> [What is required]: Give back, exactly and with nothing else, the lines running from the one that contains "Andropogone, sukveida 'Standing" to the end of the entries below; do not include pictures.

Records from a collection
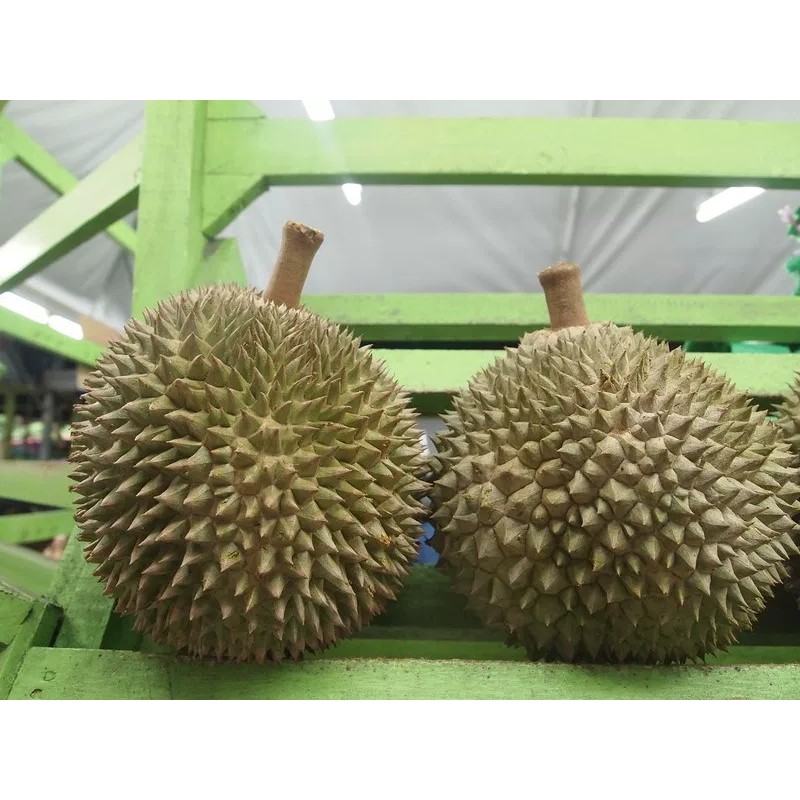 Bibit Durian Duri hitam durian oche blackthorn Unggul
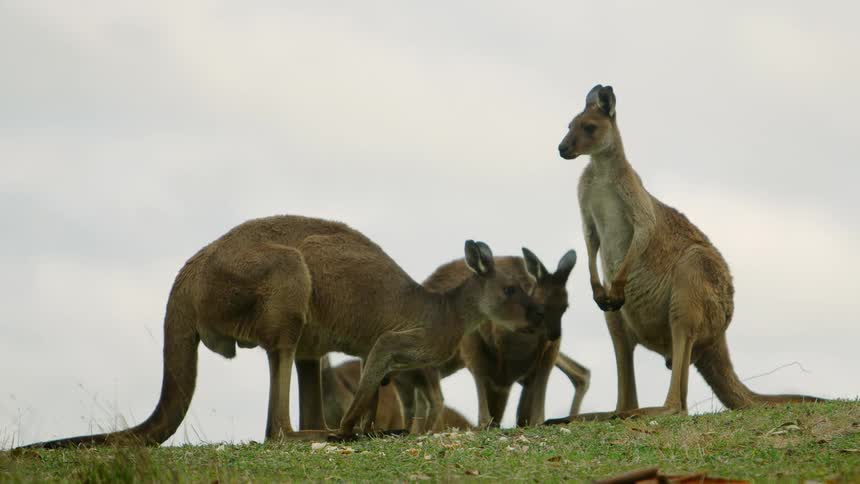 A group of kangaroo are grazing on the hill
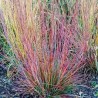 Andropogone, sukveida 'Standing Ovation' /Schizachyrium scoparium/ - C2 kont.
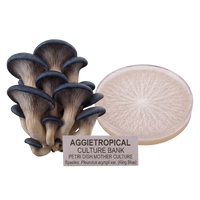 A cluster of blue-gray and beige oyster mushrooms next to a round petri dish showing a pale mycelial culture, with a label reading 'AGGIETROPICAL CULTURE BANK PETRI DISH MOTHER CULTURE' on a white background.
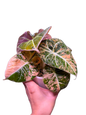 Alocasia black velvet gold Variegated - 1 plant
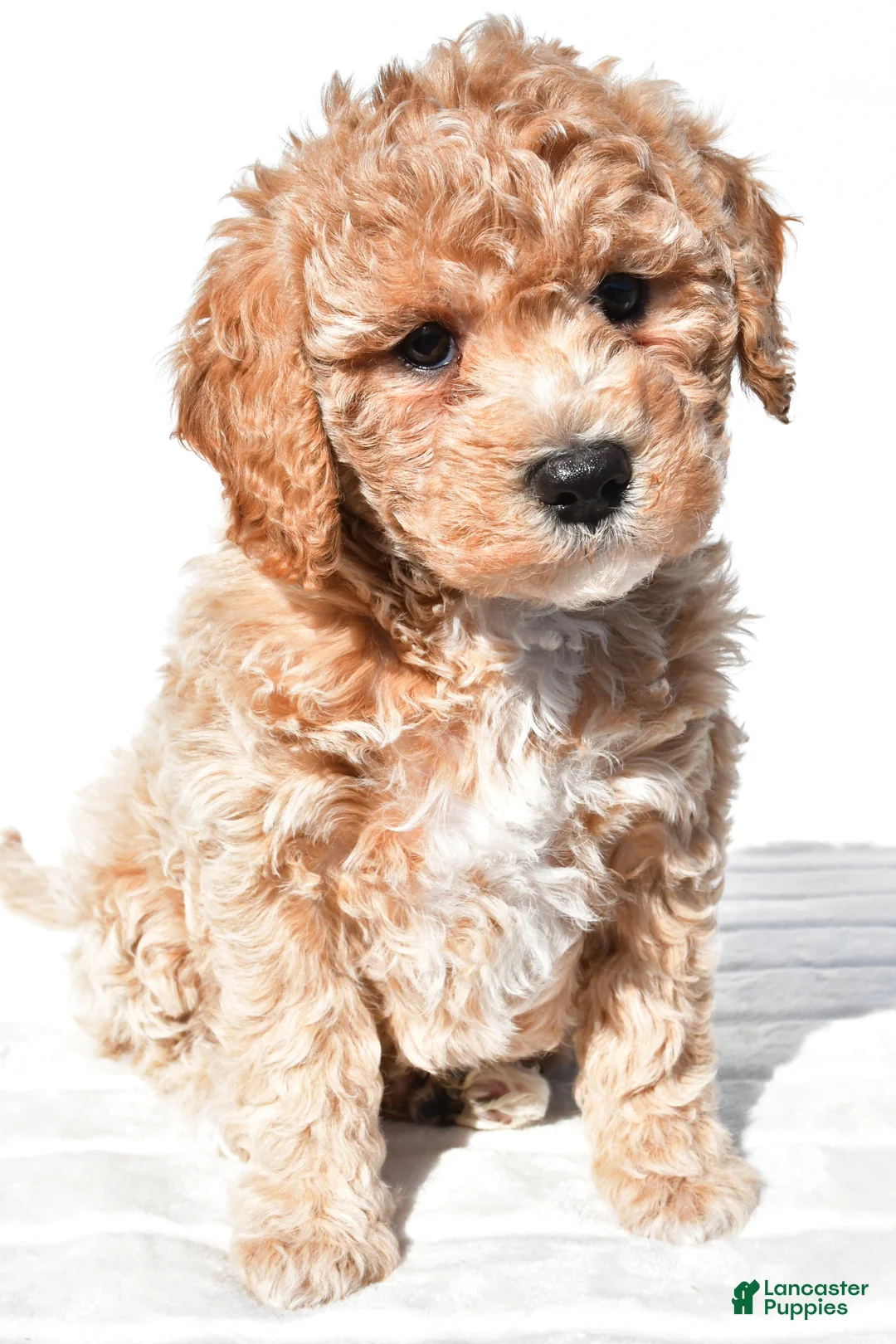Mini Goldendoodle dogs for sale: Bella - Ad 1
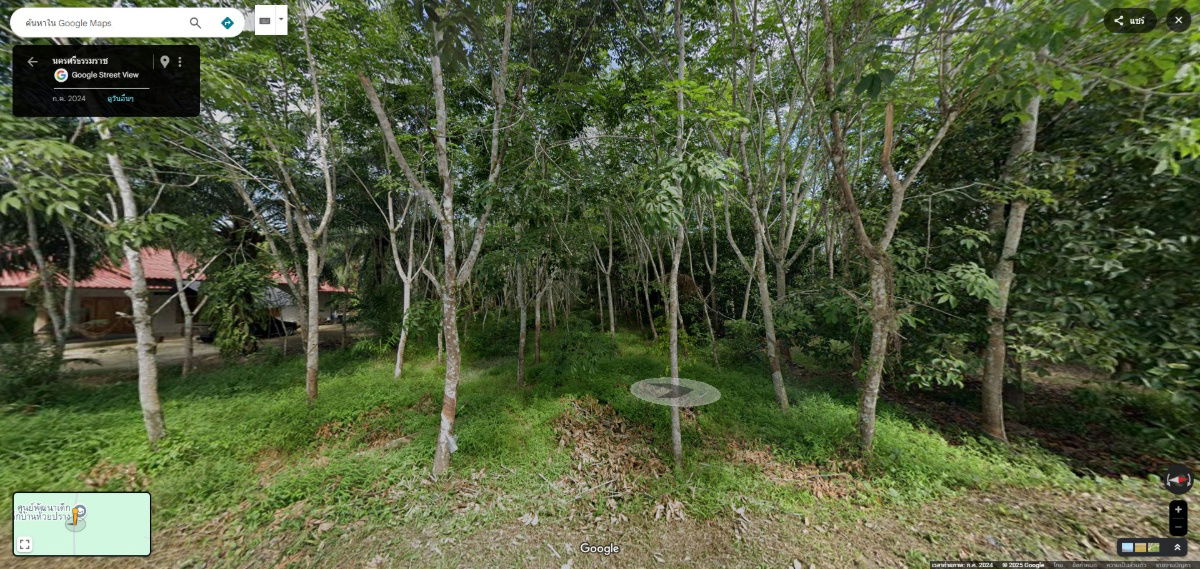 picture 🌳#Rubber plantation land for sale, more than 1 rai🌳 - 2/6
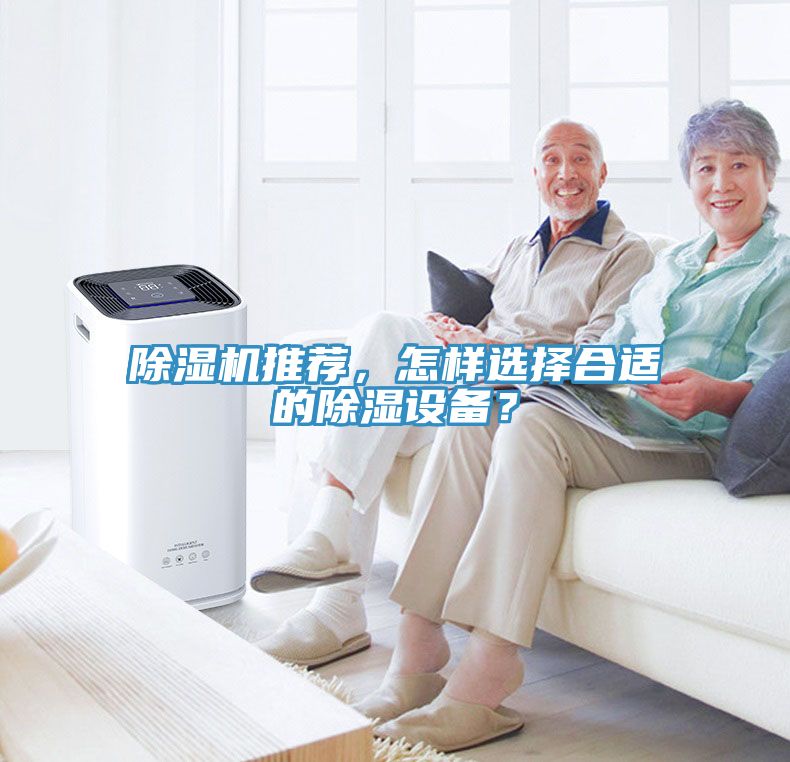 MR.好色破解版推荐，怎样选择合适的除湿设备？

> [Solution]:
 Andropogone, sukveida 'Standing Ovation' /Schizachyrium scoparium/ - C2 kont.
 A cluster of blue-gray and beige oyster mushrooms next to a round petri dish showing a pale mycelial culture, with a label reading 'AGGIETROPICAL CULTURE BANK PETRI DISH MOTHER CULTURE' on a white background.
 Alocasia black velvet gold Variegated - 1 plant
Mini Goldendoodle dogs for sale: Bella - Ad 1
 picture 🌳#Rubber plantation land for sale, more than 1 rai🌳 - 2/6
 MR.好色破解版推荐，怎样选择合适的除湿设备？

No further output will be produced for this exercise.